Material provided:
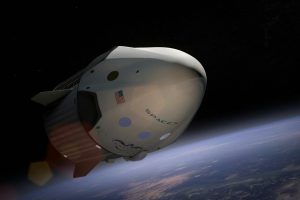 A SpaceX Dragon spacecraft orbiting Earth, captured in vivid detail against space.
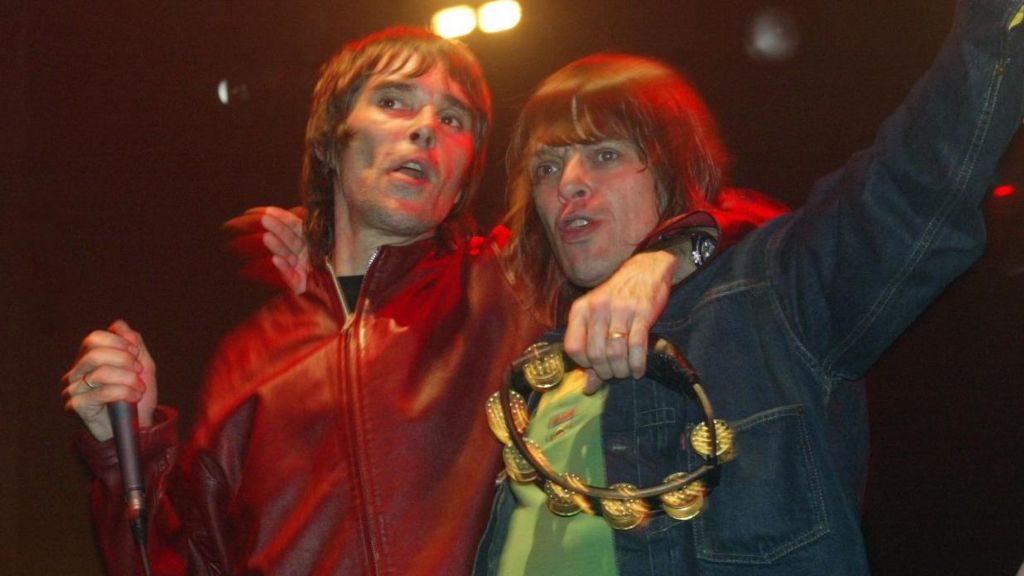Ian Brown and Mani with their arms around each other on stage in 2004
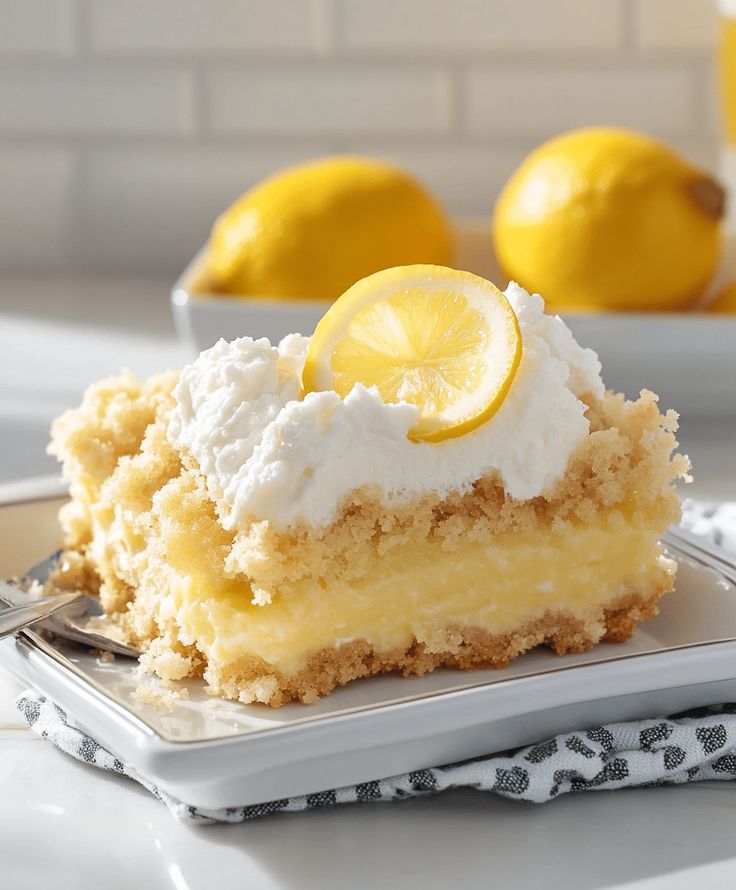 a slice of lemon cake on a plate with two lemons in the background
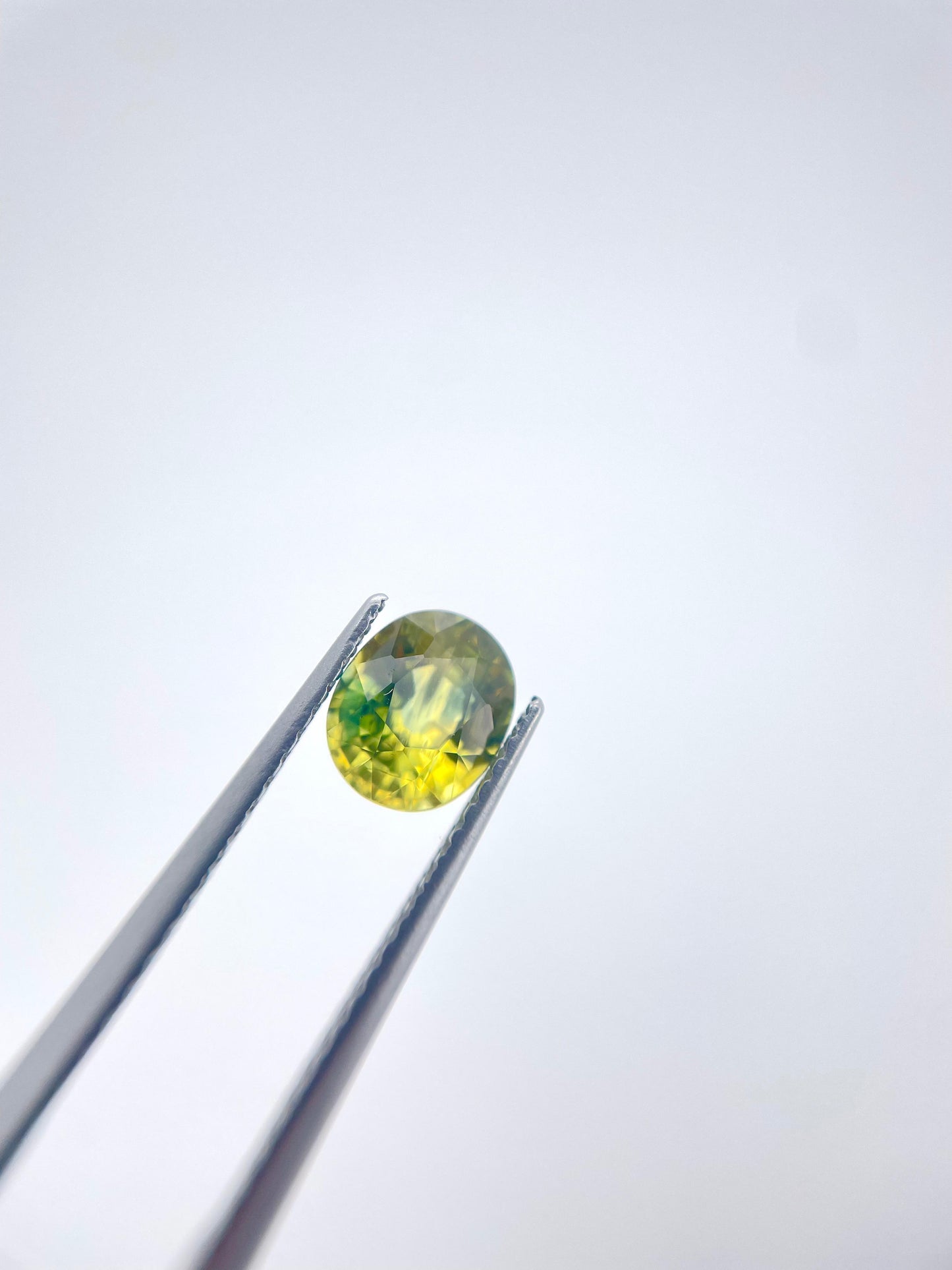 Saphire oval naturel bi-color jaune/bleu 1.43 ct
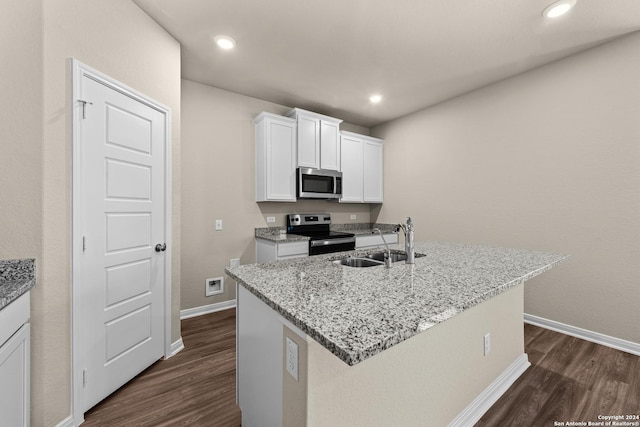 kitchen with sink, white cabinetry, light stone counters, an island with sink, and stainless steel appliances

Requirement:
Copy out exactly the lines that begin at the line with "a slice of lemon" and end at the final line of the entries above. Leave out the pictures.

Problem solution:
 a slice of lemon cake on a plate with two lemons in the background
 Saphire oval naturel bi-color jaune/bleu 1.43 ct
 kitchen with sink, white cabinetry, light stone counters, an island with sink, and stainless steel appliances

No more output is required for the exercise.